Re: [PATCH 1/2] cpuset: Fix cpuset_cpus_allowed() to not filter offline CPUs

From: Waiman Long
Date: Thu Feb 02 2023 - 11:07:50 EST


On 2/2/23 03:34, Peter Zijlstra wrote:
On Tue, Jan 31, 2023 at 11:14:27PM -0500, Waiman Long wrote:

A major concern I have is the overhead of creating a poor man version of v2
cpus_allowed. This issue can be worked around even for cpuset v1 if it is
mounted with the cpuset_v2_mode option to behave more like v2 in its cpumask
handling. Alternatively we may be able to provide a config option to make
this the default for v1 without the special mount option, if necessary.
It is equally broken for v2, it masks against effective_cpus. Not to
mention it explicitly starts with cpu_online_mask.

After taking a close look at the patch, my understanding of what it is doing is as follows:

v2: cpus_allowed will not be affected by hotplug. So the new cpuset_cpus_allowed() will return effective_cpus + offline cpus that should have been part of effective_cpus if online before masking it with allowable cpus and then go up the cpuset hierarchy if necessary.

v1: cpus_allowed is equivalent to v2 effective_cpus. It starts at the current cpuset and move up the hierarchy if necessary to find a cpuset that have at least one allowable cpu.

First of all, it does not take into account of the v2 partition feature that may cause it to produce incorrect result if partition is enabled somewhere. Secondly, I don't see any benefit other than having some additional offline cpu available in a task's cpumask which the scheduler will ignore anyway. v2 is able to recover a previously offlined cpu. So we don't gain any net benefit other than the going up the cpuset hierarchy part.
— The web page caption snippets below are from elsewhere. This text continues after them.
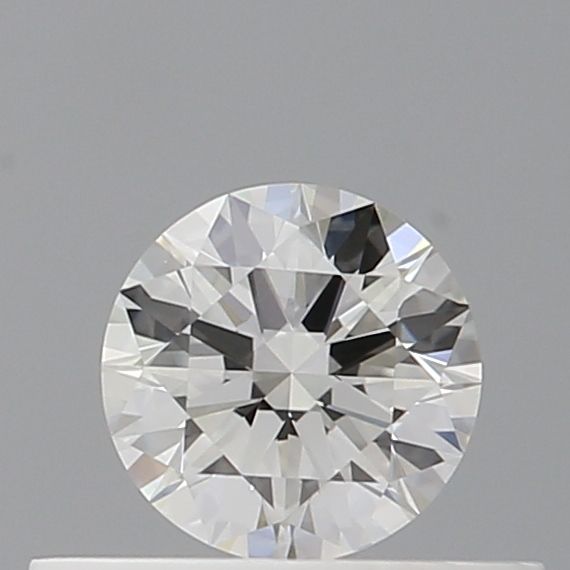 Diamond Natural 0,32Ct J-VVS2 Round - GIA3545924042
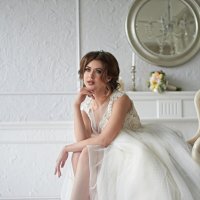 wedding :: Юлия Дмитриева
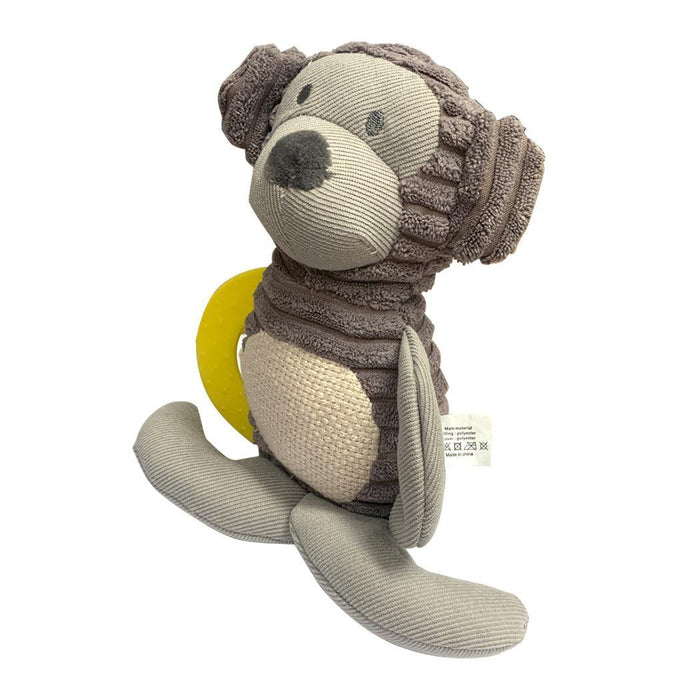 PaWz Toy Monkey - petpawz.com.au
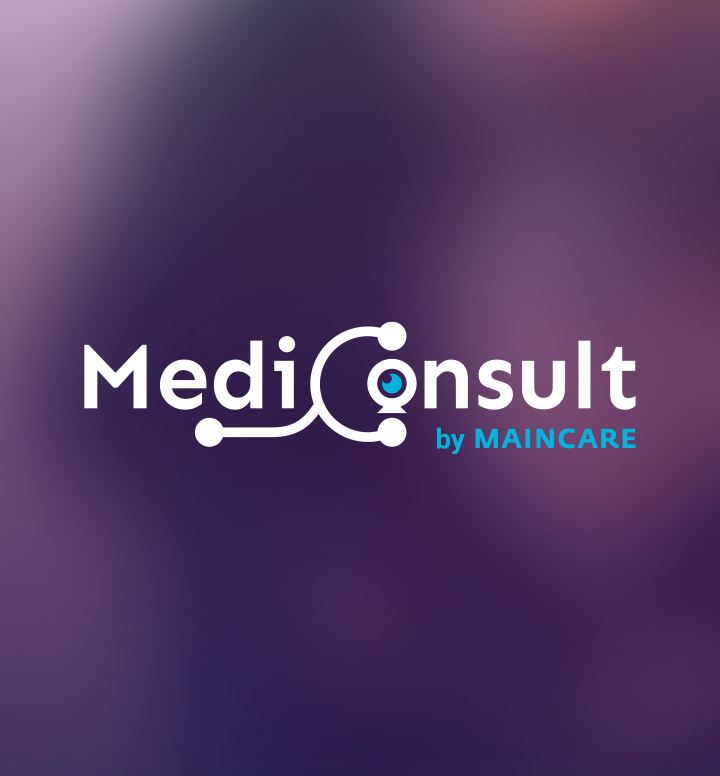 Découvrez la plateforme de télémédecine MediConsult de Maincare !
For v1, I agree we should go up the cpuset hierarchy to find a usable cpuset. Instead of introducing such a complexity in cpuset_cpus_allowed(), my current preference is to do the hierarchy climbing part in an enhanced cpuset_cpus_allowed_fallback() after an initial failure of cpuset_cpus_allowed(). That will be easier to understand than having such complexity and overhead in cpuset_cpus_allowed() alone.

I will work on a patchset to do that as a counter offer.

Cheers,
Longman